The Bar’s new constitution and its objectives are principally concerned with, among other things, to “promote the rights and interests of the legal profession in general and of the members of the Association in particular”.
The fresh amendment in the Bar’s constitution has come five years after the District Magistrate, in a formal letter in 2020, sought an explanation on a paragraph found in the objectives of the Bar under its erstwhile constitution. It stated, among its objectives, that the Bar “will find ways and means and take steps for resolving the issues concerning the public at large including the larger issue of a peaceful settlement of Kashmir dispute”.
The District Magistrate, while referring to the Bar’s constitution, had pointed out that it was “not in consonance with the Constitution of India, whereby J&K is an integral part of the country and not a dispute”.

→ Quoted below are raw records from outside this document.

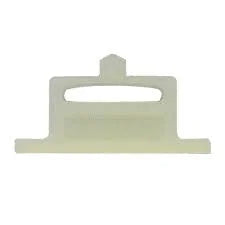 Tope Guia P/HM1100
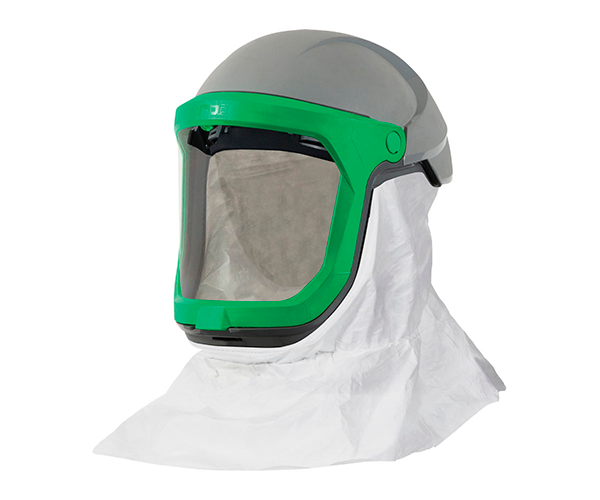 Tychem 4000
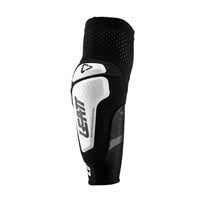 Elbow Protector 3DF 6.0 - Black/White 
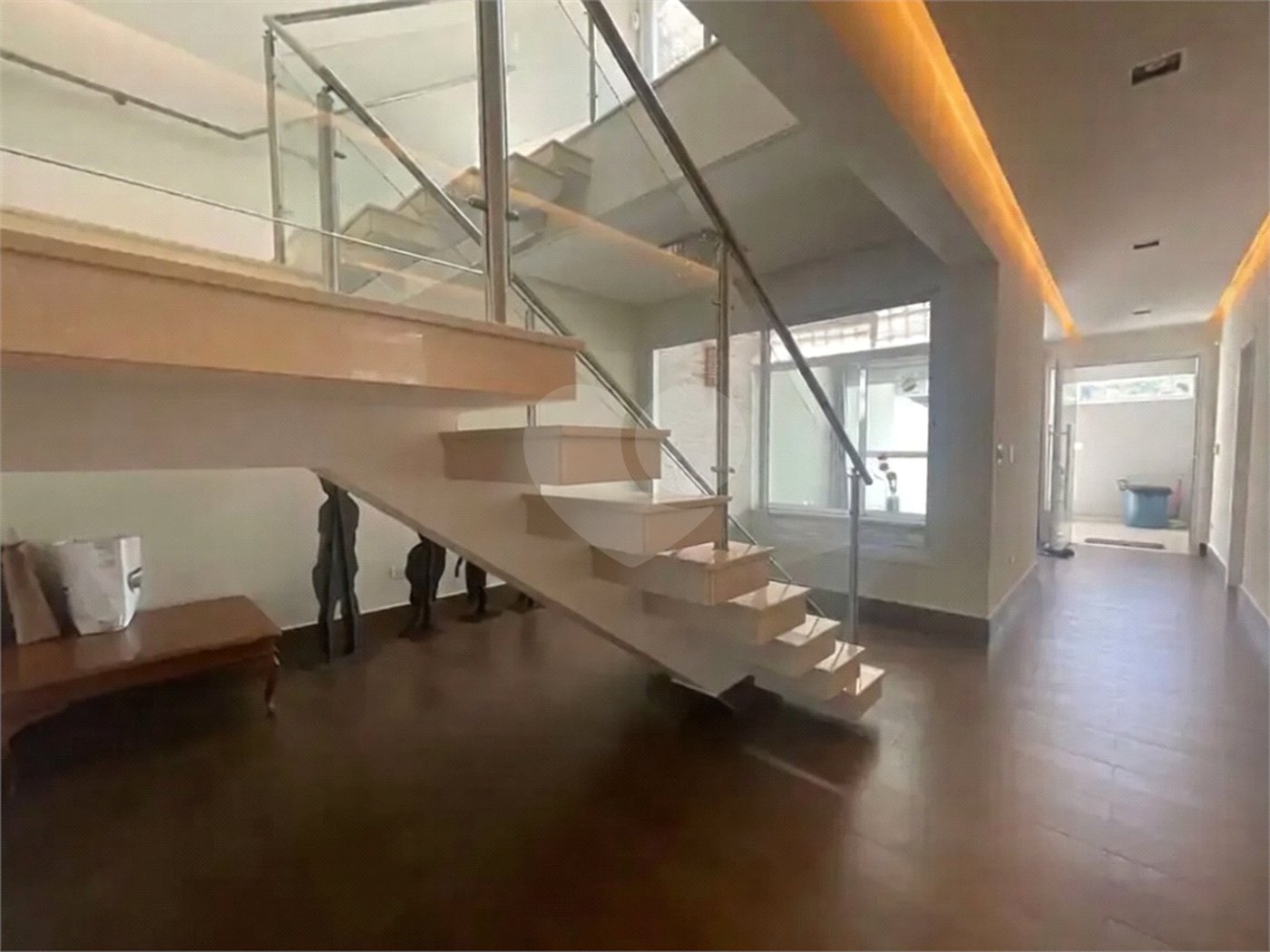 Casa à venda com 4 suítes em Tremembé, São Paulo, SP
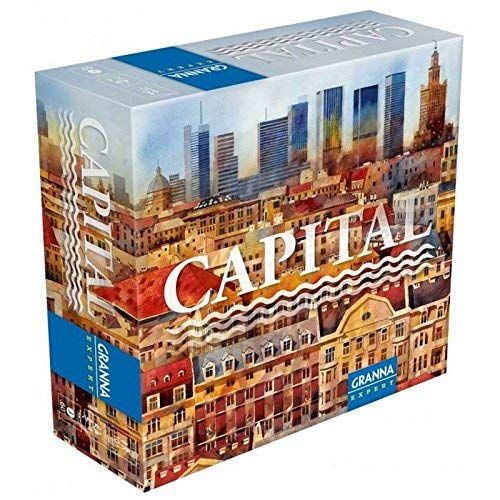 Capital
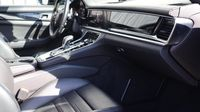 Porsche Panamera Sport Turismo 3.0 V6 560ch 4S E-Hybrid — photo 19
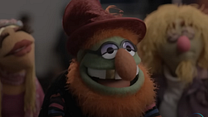 The Muppets Mayhem Fragman görüntüsü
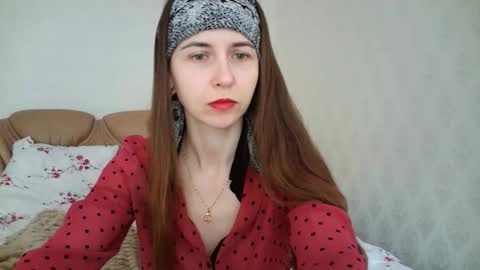 eva00186 online show from February 2026 06:22:01 AM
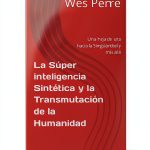 Nanotechnology Kindle eBook Spanish Edition by Unknown Brand 561 Pages-0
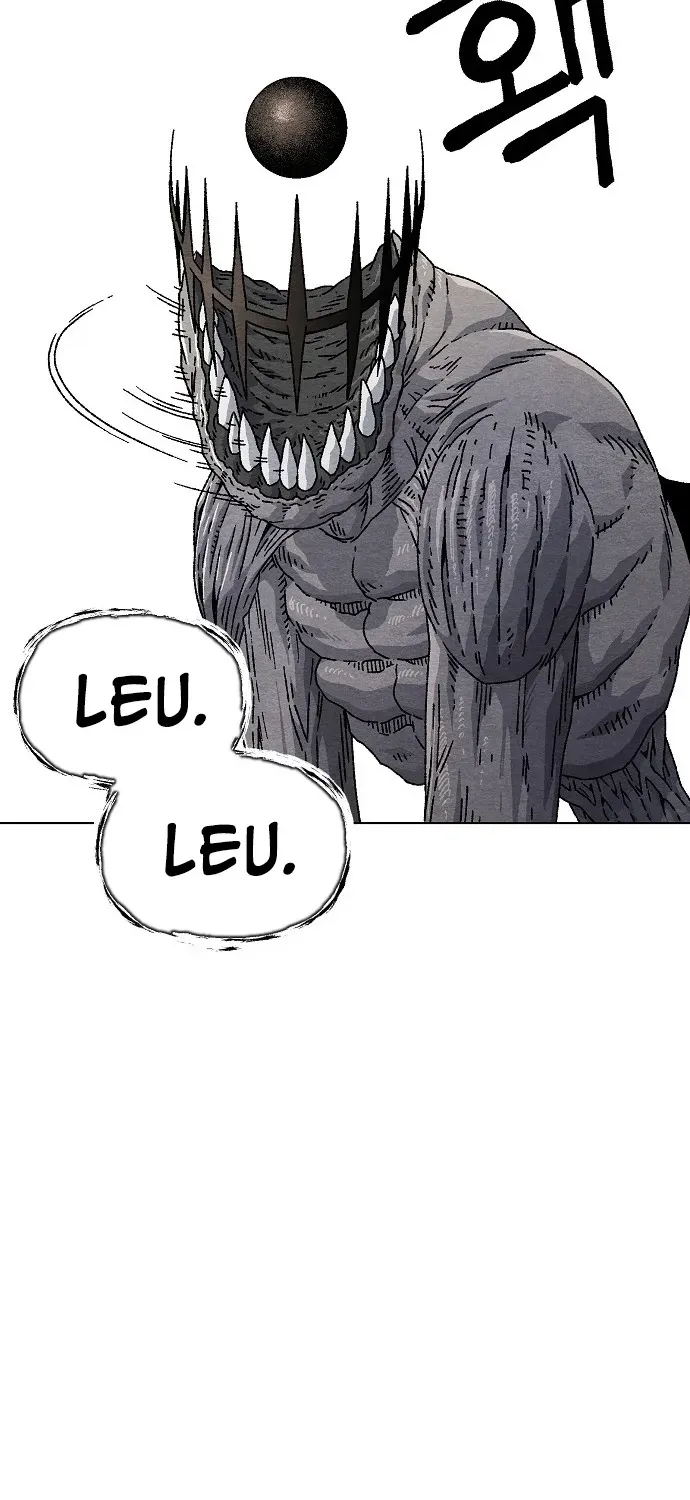 Read Leu Leu Leu chapter 1 image 82 on Lezhin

“It’s to inform you that misgivings you harbour regarding conducting of elections for JKHCBA, Kashmir, are unfounded and/or lopsided and/or ipsi dixit. The JKHCBA is on record to have sufficiently conveyed to you, in the past, its response to obviate such misgivings that sans suppression,” reads the Bar’s letter of July 5, forwarded by the secretary of the JKHCBA’s election commission, notifying the latest change in its constitution.